Perfume: The Story of a Murderer

"Perfume: The Story of a Murderer" (Tom Tykwer, 2006) Give the director of "Run, Lola, Run" a zillion dollar budget and a best-seller to adapt and you get this monstrous little curiosity, with a role for Dustin Hoffman, yet. Unfortunately, Twyker can't meet the film's biggest challenge-communicating the sense of smell and doing it delicately, of course. The director can do little more than ecstatic shots of Ben Whishaw's Jean-Baptiste Grenouille huffing and puffing and sniffing the air--actually the other way around. And one just can't buy the novel and film's biggest conceit--that the young amateur perfumer can sense parts per million like a super-bloodhound, hours, even days after the source has passed. It's an idea at odds with the visual of a Paris in squalor that Tykwer has (quite rightly, I'd bet) presented. Young Grenouille has this incredibly sensitive snoot in a town of open sewers, outdoor markets and the thousand natural scents, both beautiful and repugnant, including the perfumery used by the citizenry to cover it all up. It doesn't read that he'd be so olfactorily fine-tuned.

That's the major hurdle. The other is the coarse rankness of the material, where women--it's always women--are killed serially, covered in animal fat to immediately preserve their scent, then the fat is scraped off and reduced down to its basic (one would presume) pheromone, and collected as an eau de copse. The plot all comes down to a...boil...when Alan Rickman's protective father suspects his daughter is being stalked by the little stinker, and highs her to the hinterlands at full gallop. Despite his precautions Grenouille is able to track them on-foot despite the dughter's intoxicating scent being mixed with that of a sweating horse. This is where Tykwer's inability to sell the scent works to his advantage. You're not supposed to think about that in the absence of evidence.

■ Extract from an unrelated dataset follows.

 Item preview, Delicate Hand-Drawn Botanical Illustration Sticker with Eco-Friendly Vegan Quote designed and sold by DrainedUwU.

There are other troubling aspects to it, but let's come right to the nitty of the gritty. "Perfume" is just another in a series of serial killer movies which (sorry) boils down women to objects with an aspect to be coveted and destroyed for. It's not unlike "House of Wax" (whichever version) or the skin-suits of "The Silence of the Lambs." Despite being gussied up with period detail, sophistication of technique and aspects of subject matter, "Perfume: The Story of a Murderer" is just another horror movie with pretensions of grandeur. Despite all the attempts to cover it up, you can't hide the basic stink.